The most important decision a defensive-minded head coach can make is selecting an offensive coordinator. Todd Bowles has decided to ride with Chan Gailey.
On the surface, it's a curious choice for the New York Jets. Bowles never has worked with Gailey, 63, who went off the radar after sitting out the past two seasons. His last job was coaching the Buffalo Bills in 2012, so the initial thought is that Bowles is dusting off an antique.
But, after digging a little deeper, a different picture emerges. Gailey is described as a flexible coach who knows how to maximize modest talent. Consider:
In 10 seasons as a coordinator and head coach, Gailey presided over only two top-10 offenses -- the 1997 Pittsburgh Steelers and 1998 Dallas Cowboys. That would seem to be a red flag, but check out the quarterbacks he's had: Ryan Fitzpatrick. Tyler Thigpen. Jay Fiedler. Kordell Stewart. Mike Tomczak. Except for a two-year run with Troy Aikman, who was at the tail end of his Hall of Fame career, Gailey hasn't worked with any elite quarterbacks. Nevertheless, his offense was good enough to make the playoffs in six of the first 10 seasons. He had no shot in Buffalo (2010-12) because he had the worst defense in the league.
Former Steelers coach Bill Cowher swears by Gailey, and the thing he likes most about his former coordinator is that he's flexible. Said Cowher: "He's not married to a system. The one thing I like about Chan is he tries to stay unpredictable." Gailey operated a run-oriented attack with the Steelers.
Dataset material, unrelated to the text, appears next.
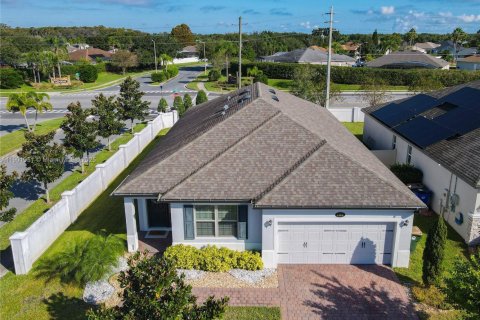 House in Saint Cloud, Florida 4 bedrooms № 1953791 - photo 5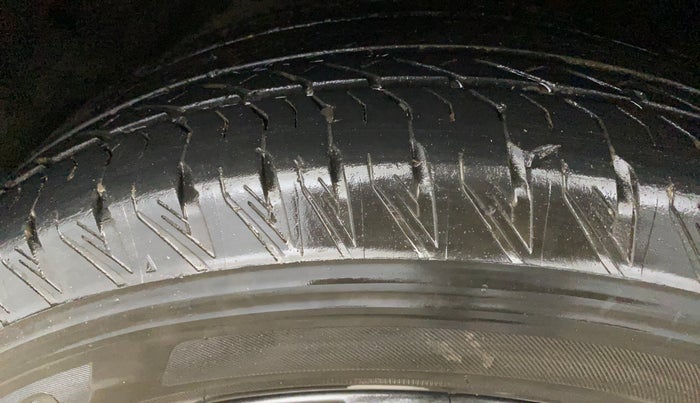 2022 Mahindra XUV700 AX 7 P AT 7 STR, Petrol, Automatic, 53,385 km, Left Front Tyre Tread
When he coached the Bills, he did a 180-degree turn, employing a spread passing attack that featured short, quick throws out of a one-back set. His pass-run ratio during that three-year stretch was 58-42.
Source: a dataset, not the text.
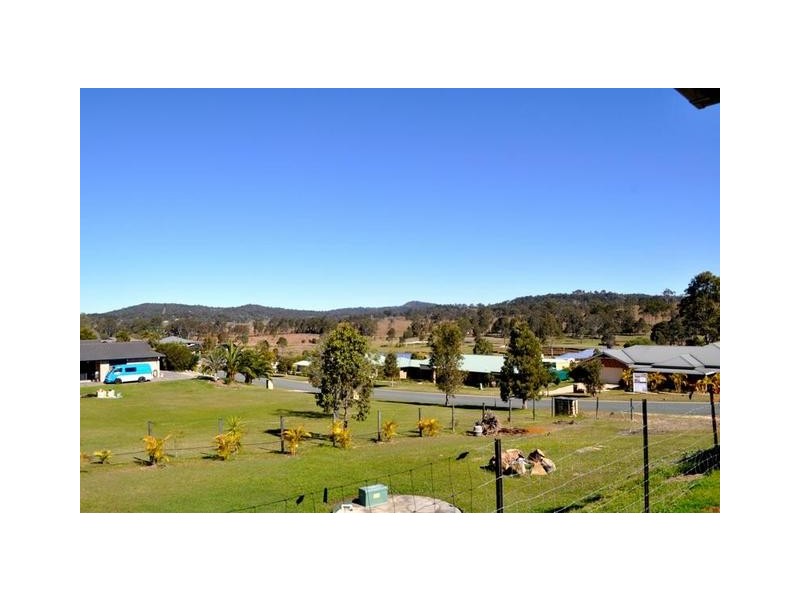 6 Lady Penrhyn Court, Mundoolun QLD 4285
A spread passing attack could be good for Geno Smith, who thrived in West Virginia's Air Raid attack. Obviously, systems aren't identical, but it could put Smith back into a comfort zone. Cowher suggested that Smith might have been overwhelmed by Marty Mornhinweg's complicated offense, saying, "They did a lot of different things, and it's almost one of those things where I think sometimes less is better. I think sometimes you try to do too much, too many different things. You become OK at all of it, but not really good in any one thing." Interesting take.
The recurring theme among people who talk about Gailey is that he adapts his scheme to suit the personnel. On that note, Cowher said he wouldn't be surprised if Gailey continues to feature the running game. After all, that's what the Jets do best. Said Cowher: "You don't have to go full-fledged into a wide-open spread offense. Let it continue to grow with the quarterback. Continue to utilize the strengths you have on the team. I don't think they're that far away."
The concern with Gailey is that he hasn't been in the league for two years, which means he's not as familiar with the personnel as he needs to be. He has a lot of catching up to do.
The Jets will look to add a veteran quarterback, and the obvious choice is Fitzpatrick -- assuming the Houston Texans are willing to let him go. He ran Gailey's spread offense in Buffalo, and he ran it well enough to land a six-year, $60 million contract. Fitzpatrick spiraled after signing the big deal, but he showed last season he's still a functional quarterback. Remember, too, that new general manager Mike Maccagnan, a former Texans executive, is familiar with him.
Another player to watch in the offseason is Bills running back C.J. Spiller, who will be a free agent. Under Gailey, he rushed for 1,244 yards in 2012, ripping apart defenses that were stretched thin by the three- and four-receiver packages. The Jets probably will release Chris Johnson, so they could be looking for a speed back to pair with power back Chris Ivory.